Canadian Economy

Sputtering economy is cause for growing concern

Overview

Evidence continues to mount that the economy is struggling. If recent downward trends continue into the next couple of months, conversations are going to shift to talk of recession in Canada.

February saw GDP decline for the fourth time in six months, driven lower by weakness in the mining sector. The national economy shrank by 0.15 per cent – equivalent to an annualized decrease of about 1.7 per cent. The good news is that that decline came after an unusually strong January – one that saw GDP grow by about 4.2 per cent on an annualized basis (revised downward from initial estimates of 4.3 per cent).

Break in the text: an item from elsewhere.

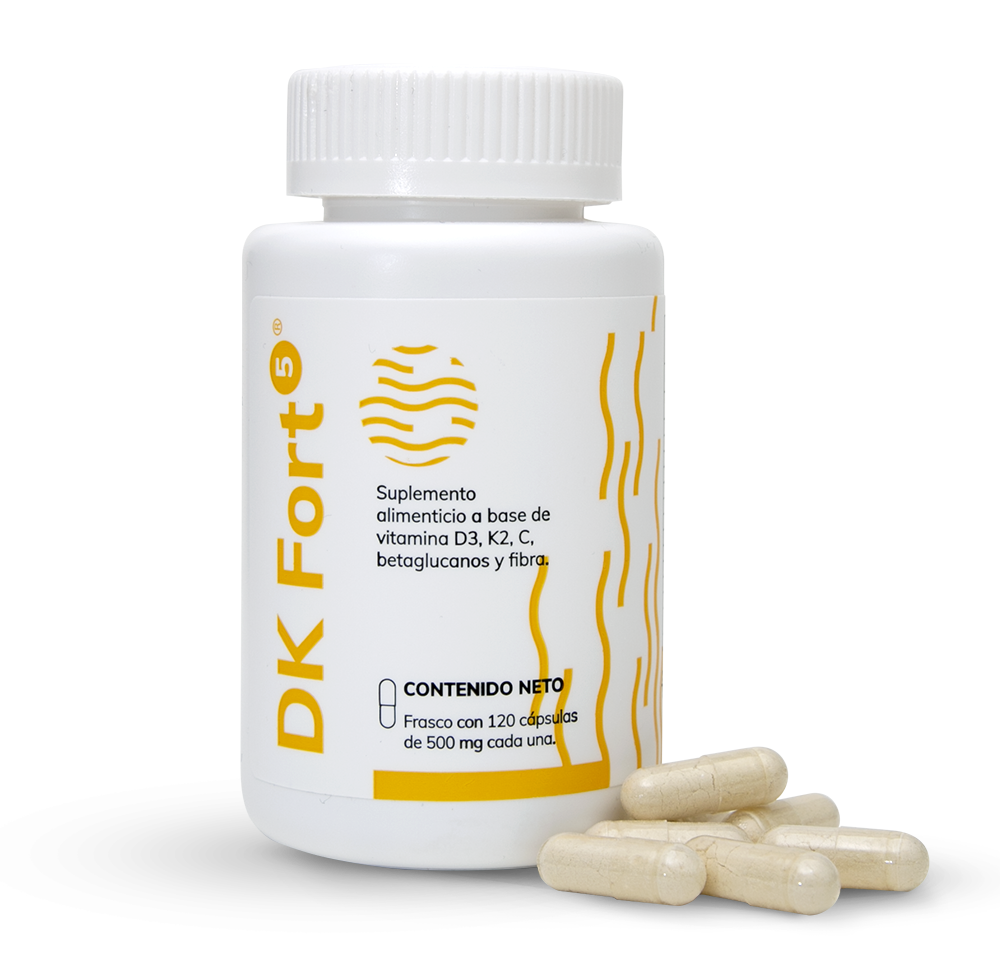 Vitamina D3 y K2 | DK FORT5®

Canada’s recent economic performance stands in sharp contrast to what’s going on south of the border. Preliminary estimates for the US economy suggest that GDP in that country grew by an impressive 3.2 per cent in the first quarter of 2019. While that estimate will likely be downgraded when the next round of revisions comes in, it remains true that the US economy is looking far stronger than our own.

GDP by Industry

On the whole, results at the industry level were mixed in February, as eight of the 15 major economic sub-sectors posted gains, while the remaining seven declined. However, there were significant losses in a few key industries that drove the overall economy into negative territory. The largest decline was in non-renewable resource extraction, where value-added output plunged by $2.3 billion – equivalent to an annualized decrease of nearly 18 per cent. In recent times, steep declines in that sub-sector can be pinned on weakness in the energy sector. This time, however, it was mining that drove losses; GDP in coal, metals and non-metallic minerals mining were all sharply lower in February.

There were other notable declines as well. GDP in transportation and warehousing fell by $1.4 billion (17 per cent on an annualized basis), while finance, insurance, real estate and leasing businesses saw value-added output fall by $1.2 billion (3.8 per cent annualized).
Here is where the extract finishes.